* _PROBLEM TO WORK ON_: Once the line holding "The Little Book" is written out, stop; begin at the first line of the material below and retype exactly, dropping pictures.

── RECORDS ──

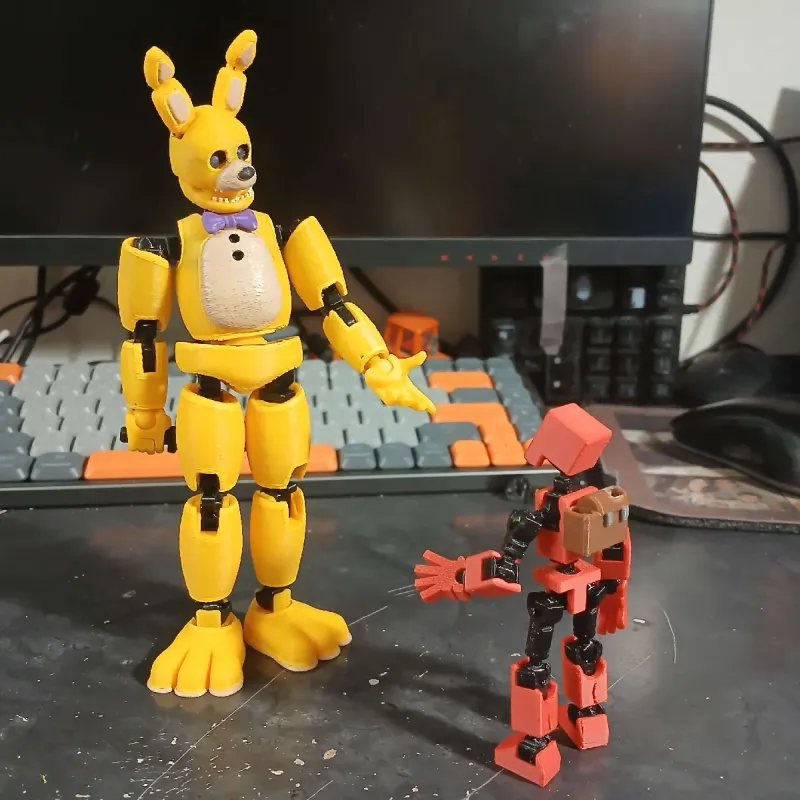 SpringBonnie 13 by StonePhantom21 | Download free STL model ...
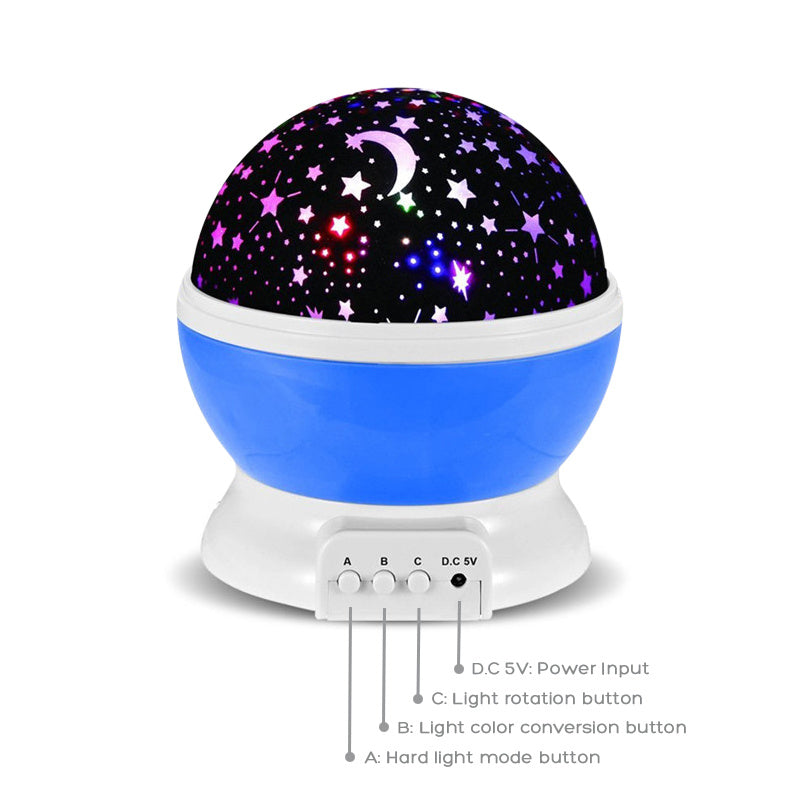 The Romantic Sky Projector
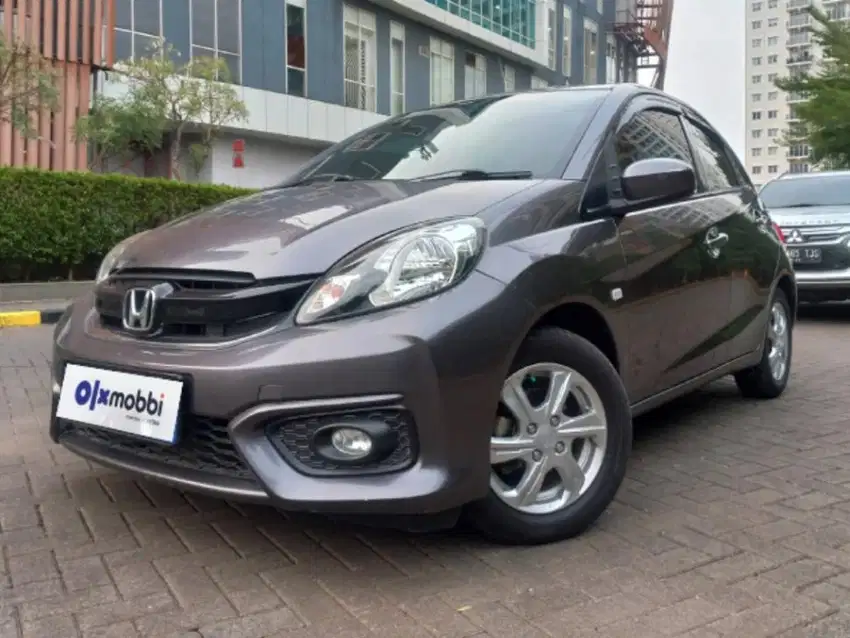 [OLXmobbi] Honda Brio Satya 1.2 E Bensin-MT 2018 492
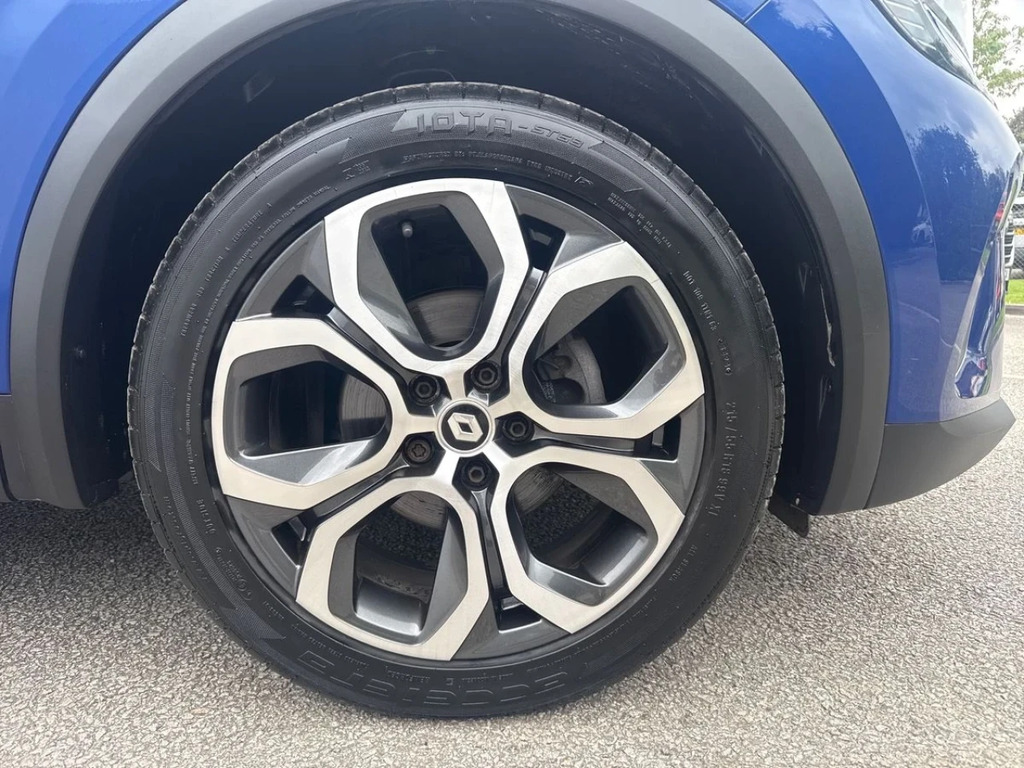Renault Captur Captur 1.3 Tce 140 S Edition 5 CK71JAU Blue #6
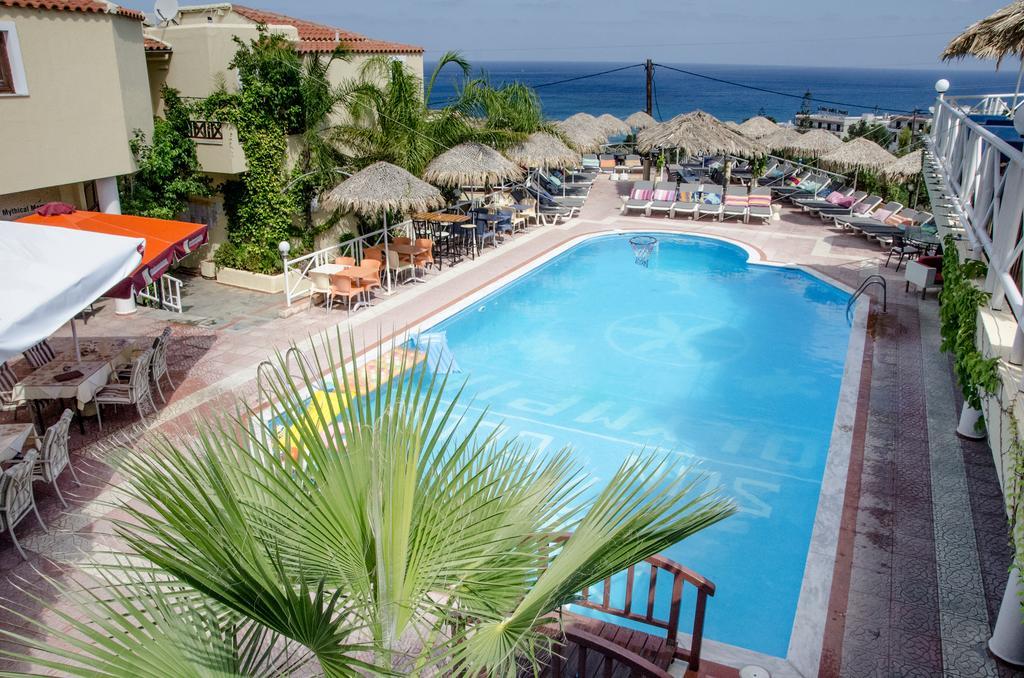 Appartamento Sun Club Olympia Hersonissos  Esterno foto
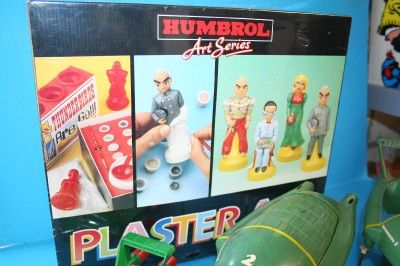 Vintage THUNDERBIRDS 1960s Thund 2 and parts + MIB SET  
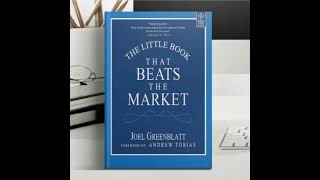 The Little Book That Still Beats the Market by Joel Greenblatt a summary [upl. by Marla115]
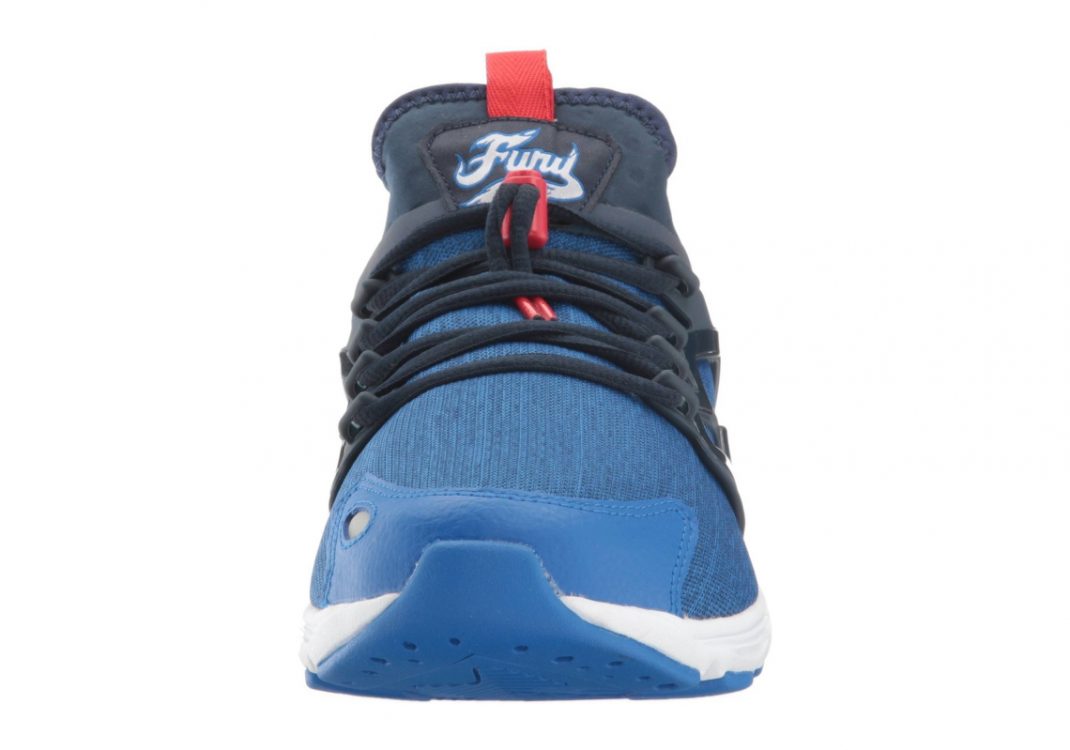 Reebok Fury Adapt UC - Awesome Blue Collegiate Navy White Primal Red (BD3069)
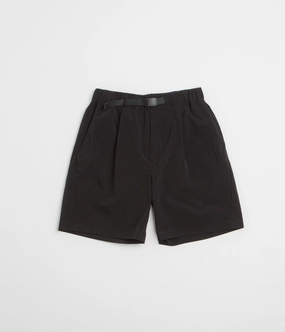 Anti Static Treatment Snow Peak Breathable Quick Dry Shorts - Black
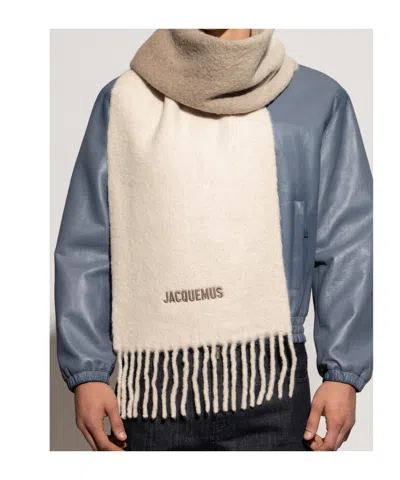 Jacquemus Logo Scarf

───

* _RESPONSE TO THIS EXERCISE_:
 SpringBonnie 13 by StonePhantom21 | Download free STL model ...
 The Romantic Sky Projector
 [OLXmobbi] Honda Brio Satya 1.2 E Bensin-MT 2018 492
Renault Captur Captur 1.3 Tce 140 S Edition 5 CK71JAU Blue #6
 Appartamento Sun Club Olympia Hersonissos  Esterno foto
 Vintage THUNDERBIRDS 1960s Thund 2 and parts + MIB SET  
 The Little Book That Still Beats the Market by Joel Greenblatt a summary [upl. by Marla115]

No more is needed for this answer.